Professor Zeguang Pei
School of Mechanical Engineering, Donghua University, China
Introduction: Dr. Donghua University of Engineering, a postdoctoral fellow of Hong Kong Polytechnic University, visited the Institute of Textile Technology in Dundundoffer, Germany, and is now a professor and doctoral supervisor of the Department of Mechanical Design of the School of Mechanical Engineering of Donghua University.
1.Xiangjiang Scholar Award, 2014.
2.Shanghai Excellent Doctoral Dissertation, 2013.
3.First prize of China National Textile and Apparel Council Science and Technology Progress Award, 2012.
4.The second prize of China Machinery Industry Science and Technology Award, 2013.
First Prize of Shanghai Science and Technology Progress Award, 2009.
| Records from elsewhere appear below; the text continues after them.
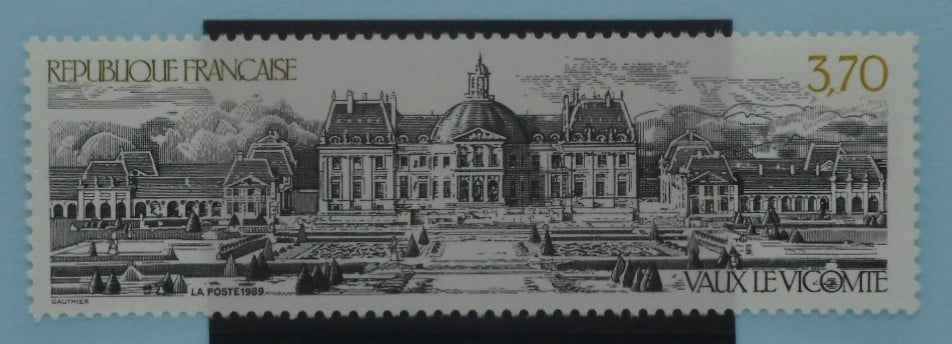 France Stamps, 1989, SG2885, Mint image 0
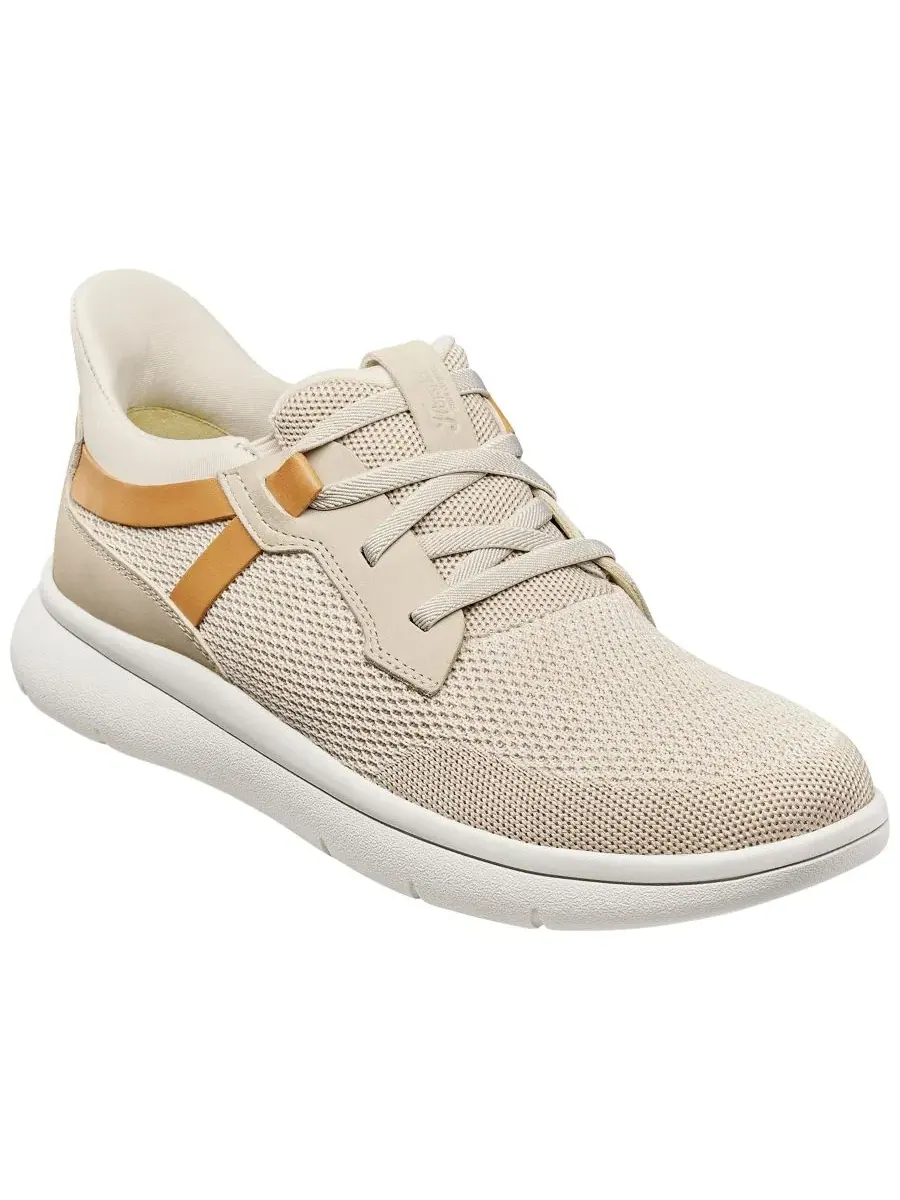 Кроссовки-слипоны Fleet Knit Elastic Lace Florsheim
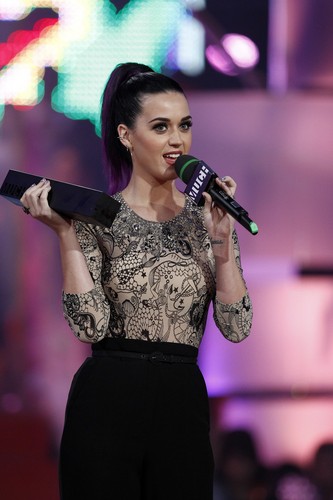  2012 Much âm nhạc Video Awards In Toronto [17 June 2012]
Title: An in-pipe worm robot with pneumatic actuators based on origami paper-fabric composites
Abstract: This presentation reports on the design, fabrication, and characterization of an in-pipe worm-like soft robot with pneumatic actuators based on origami paper-fabric composites in which the paper and fabric serve as the skeleton and skin of the robot, respectively. The robot is assembled with an extensor of a bellow-like structure for implementing peristaltic locomotion and a clamp fabricated using a Kresling crease pattern at each end of the robot for anchoring. The performances of the pneumatic actuators, as well as the worm robot, are characterized and their dependence on some material, structural, and pneumatic parameters are investigated. Stepwise inflation of the clamp actuator takes place as the pressurization duration increases. The extension ratio of the extensor has a nonlinear relationship with the pressurization duration. The higher rigidity of the paper with a high weight per unit area can facilitate faster retention near the end of the extension process for the extensor with a small number of creases, while it becomes a resistance for the extension of the extensor with a large number of creases. The softness, lightweight features, low cost, ease to fabricate, modular design, and mobility of the worm robot indicate it has potential to find application in pipeline inspection, etc.
Associate Professor Guanglei Wu
School of Mechanical Engineering, Dalian University of Technology, China
Title: Overview, design and application of spherical motion manipulators
Abstract: Spherical motion widely exists in robot system and its application, and has a very broad application prospect, which is one of the important research directions in the field of robot research at present. The research and development of the spherical manipulator is very important for the performance analysis and design of the new system to meet the new challenges brought by emerging markets. The research of spherical motion manipulator spans a large number of research fields, involving many topics. New parallel robots and actuators have been conceived to solve engineering problems, and future research problems, together with other problems that have not yet appeared, need to be solved to continuously improve the technical level of spherical motion generators. This report takes the spherical robot as the object, and makes an in-depth study on its type, structure, application background, design and prospect.
Senior Engineer Delun Li
Beijing Institute of Spacecraft System Engineering, China
Introduction: Senior engineer of Beijing Institute of Spacecraft System Engineering, chief designer of the motion subsystem of the TianGong Space Station Manipulator, and a part-time master Instructor at Harbin Institute of Technology. Mainly engaged in the research of space robots, special robots, manipulator joints, human-machine system task design, human-computer interaction, human-machine function allocation, human-machine interface and user experience in the world multi-person multi-machine system.
Title: Reliability Design of Manipulator Joint for China Space Station
Abstract: The TianHe manipulator is responsible for major tasks such as China Space Station construction, operation, and support for astronauts extravehicular operations. The joint is the direct execution part of the manipulator to realize flexible movement, and it is the key component to ensure the core functions and performance indicators of the China Space Station manipulator, its system composition is complex, and its reliability design can refer to very little experience. The joint reliability design method is the key and difficult point of joint design, and of great significance. Starting from the joint re-liability design method, this paper comprehensively uses various methods such as redundant design, margin design, and environmental adaptability design to complete the joint reliability design. The ideas and methods for reliability design of the China Space Station manipulator joints introduced in this paper have important reference value for the reliability design and verification of space complex mechanical and electrical products.